Kelsey Lauberth and Shelby Epperson have been involved with horses most of their lives, and now they make a living with it as the Trixie Chicks, a trick-riding duo that will perform at the Lea County Fair and Rodeo, set for 7:30 p.m. Wednesday, Aug. 7-Saturday, Aug. 10, at Jake McClure Arena.
“I saw Shelby perform in November 2012, and that’s when I decided what I wanted to do,” said Lauberth of Poplarville, Mississippi.
The duo is pretty good at it, which is why they’ll be in Lovington for the fair and rodeo.
“I go to the PRCA Convention in Vegas every year, and I talked to them one time,” said Trey Kerby, chairman of the Lea County Fair Board’s rodeo committee. “They put on a show, and it’s going to look good in our arena. They can stretch those horses out and run. As long as they can hold their tricks, they can do it here.
“It seems like a really good fit.”
That’s good, because the Trixie Chicks are excited to be associated with one of the top expositions in the region.
“We’re very excited,” Lauberth said. “New Mexico is one of my favorite places. The people there are a breed all their own as far as understanding rodeo and what we do.”
As a specialty act at the rodeo, the Trixie Chicks will be trick riding and showcasing their own style of horsemanship. Laubert said the difference between them and other similar acts is in how they push the envelope often and how they enjoy mingling with fans.

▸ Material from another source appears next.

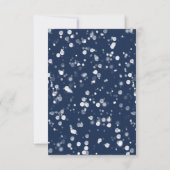 Liefde & Licht | Faux Folie Bokeh Chanoeka Diner Kaart (Achterkant)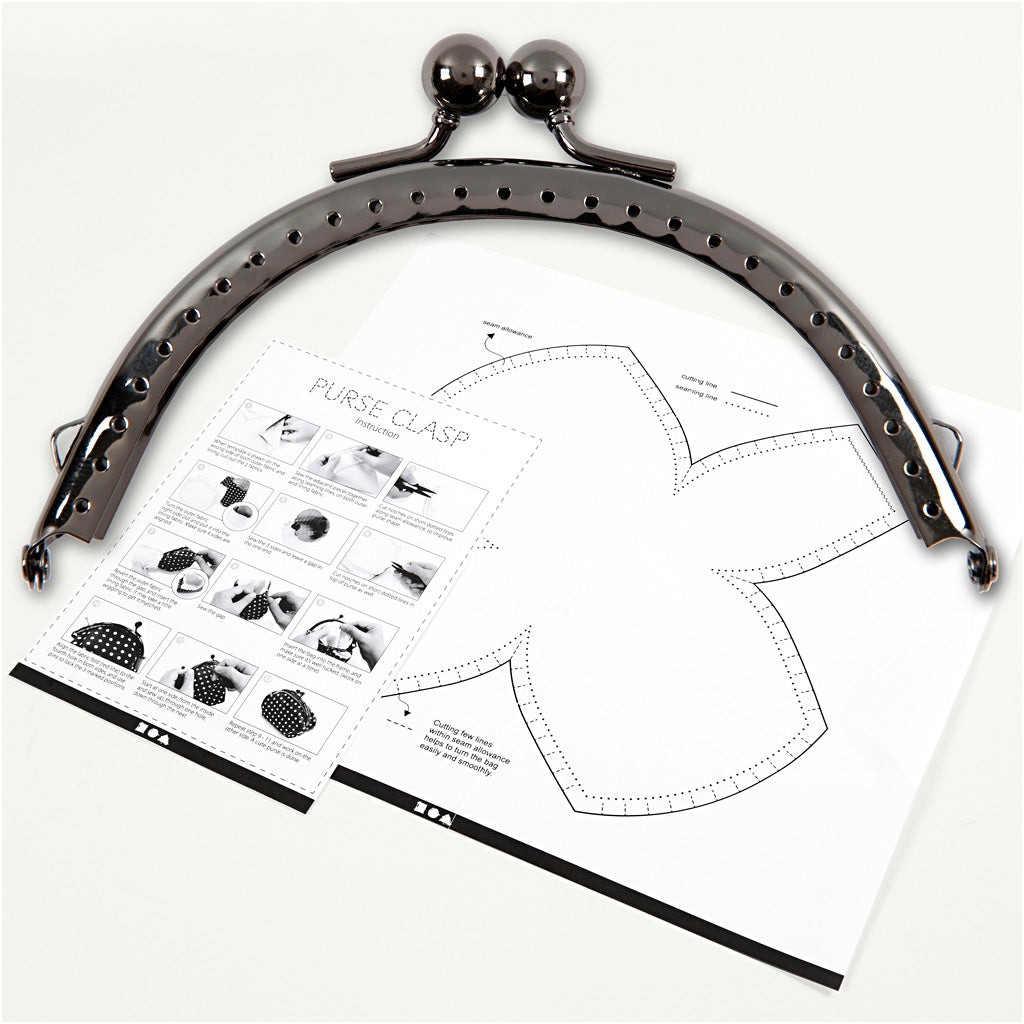 Creativ company portemonnee gesp kit, afm 10 cm, antiek zilver, 1 stuk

“One of the big things we pride ourselves on is to always be willing to push ourselves to go above and beyond,” she said. “We’re always trying to get faster horses and do bigger tricks.
“We love the crowd interaction. As soon as we’re done performing, we go back to the audience and sign autographs and take pictures. We won’t leave until the last person has had time to talk to us. We love that part of it.”
They should. The two are originally from Missouri, and Epperson still lives in Springfield. Both attended Missouri State University and were part of the equine department.
“We started in December 2012,” Lauberth said. “I now live in Mississippi, but we come together for our events. I’ll bring a whole herd of horses with me so that we can make it the easiest for our horses.”
They expect to have four to five in Lovington, and they’ll enjoy every moment. They chose this lifestyle because of their love for horses and their thrill-seeking personalities.
“I love the adrenaline rush of it,” she said. “It doesn’t matter what venue or how many people you’re performing in front of; being able to be with my horses and perform is a thrill. Being able to showcase your skills on a fast horse is why I do this.”